– Боже сохрани, конечно же, нет! Люди из страхового агентства настояли в свое время, чтобы мы с Корой тоже имели туда доступ. И тогда однажды утром моя кузина украла связку его ключей и сделала дубликат… Арон Пинкус! – Элинор Дивероу смотрела прямо в глубоко посаженные глаза юриста, многозначительно поглядывавшие на нее. – Вы и в самом деле думаете, что можно что-то узнать, покопавшись в его шато-берлоге? И не нарушим ли мы этим закон?
– Вы его мать, моя дорогая леди, и совершенно естественно, что вас беспокоит его нынешнее душевное состояние. Ваши чувства превыше любых законов. Однако, прежде чем вы решитесь на это, я позволю себе задать вам парочку вопросов… Этот дом, этот великолепный старый дом, претерпел за последние годы немало изменений. Еще не заходя внутрь, я предположил, что на это ушло тысяч сто. Теперь же, обозревая интерьер, я прихожу к выводу, что указанную сумму следовало бы увеличить во много раз. Откуда у Сэма такие средства? Он вам не говорил?

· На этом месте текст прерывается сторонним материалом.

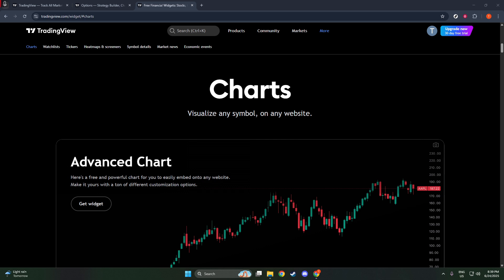To get started, the first thing you need to do is visit TradingView's widget page. This is where you can explore all the available widget options that TradingView offers. There are several to choose from, each with its unique functionalities.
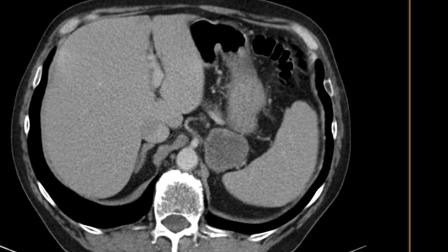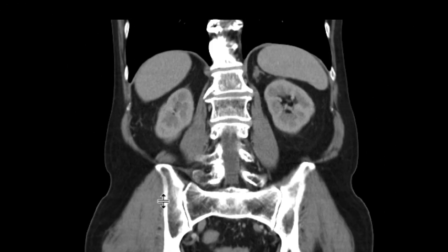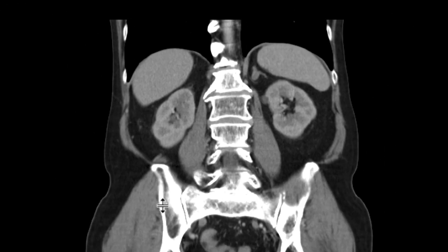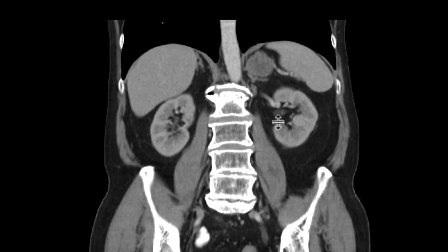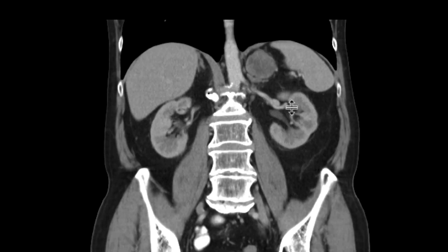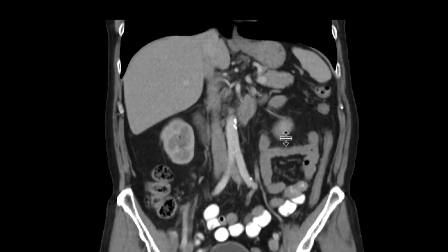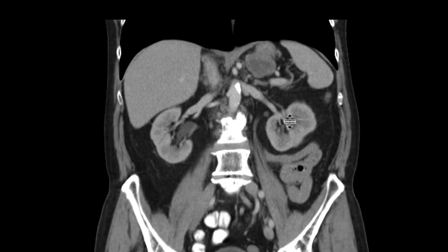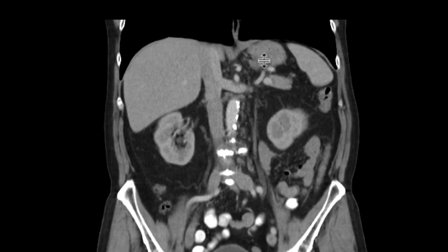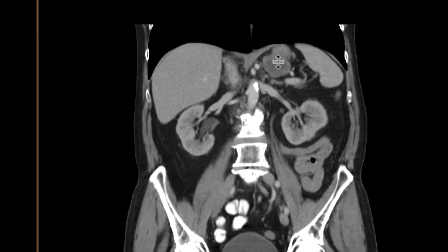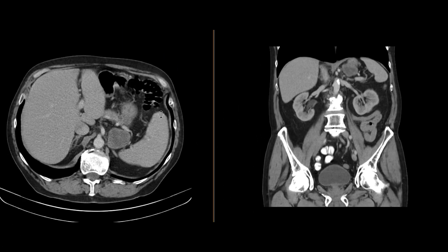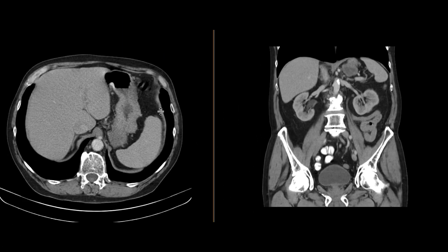Looking at the reformatted images, we can actually see that while the mass is close to the adrenal gland, there is a very thin but discrete fat plane between the adrenal gland and this lesion, such that this really is a mass that's separate from it. On the other hand, there is no real fat plane between this mass and the stomach, and you can almost see in this image that it looks like it's really arising from the stomach exophytically.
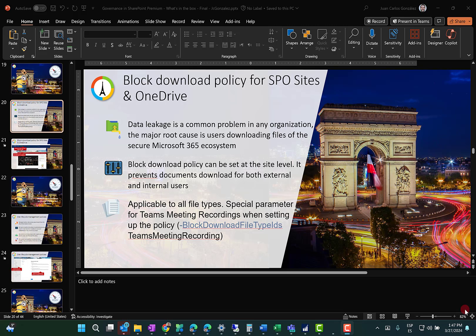Hi there. This is Juan Carlos González, Microsoft 365 MVP. First of all, I hope all of you are okay. And now, let me introduce the topic for today's video.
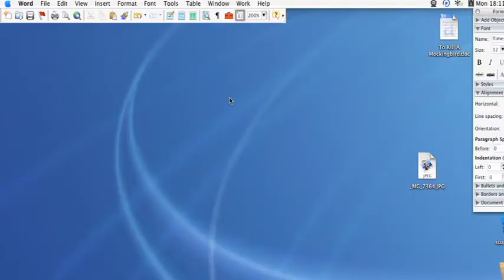Hi, this is Kyle Parker with Expert Village and I'm going to show you how to use the Microsoft Word letter wizard.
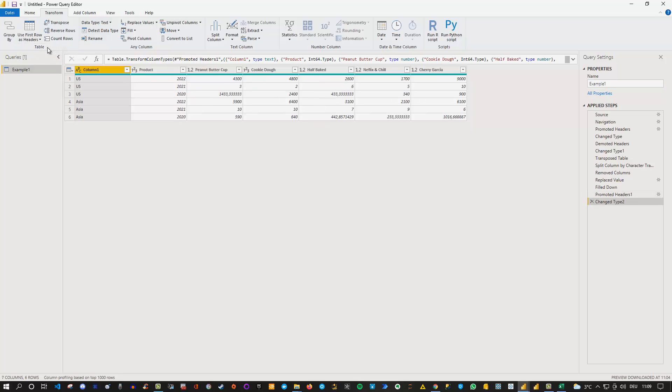So let's take this option here and now we can see we got our products peanut butter cup cookie dough half baked and Netflix and chill and Jeric is here. So obviously names you have never heard and never eaten so far I guess. So these are now our headers.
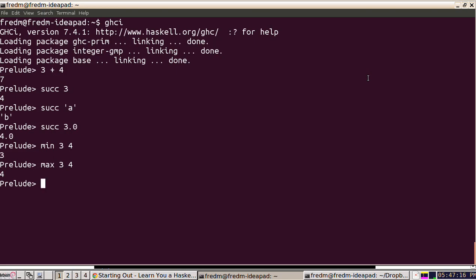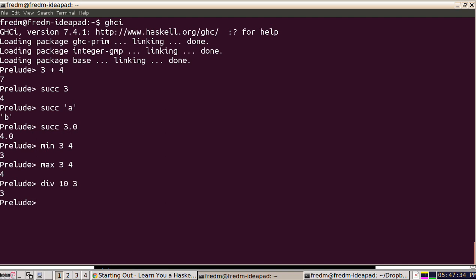Sometimes we have a prefix operator like the integer division function. Let's use that. What's 10 divided by 3? Well, it's 3, but maybe we don't want to use it that way because that's confusing.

– Так, лишь в общих чертах… По его словам, выполняя после демобилизации секретное задание в Европе, он вложил деньги в произведения искусства – какие-то недавно найденные предметы, некие реликвии, и когда через несколько месяцев рынок буквально взорвался, он неплохо заработал.
– Понятно, – промолвил Пинкус, чувствуя, что ком в его желудке становится все тяжелее. Ему ничего еще не было ясно, но в голове его уже раздавались отдаленные раскаты грома. – Итак, предметы культа… А эта леди Энни, о которой, сказали вы, он упоминал… Что говорил он о ней?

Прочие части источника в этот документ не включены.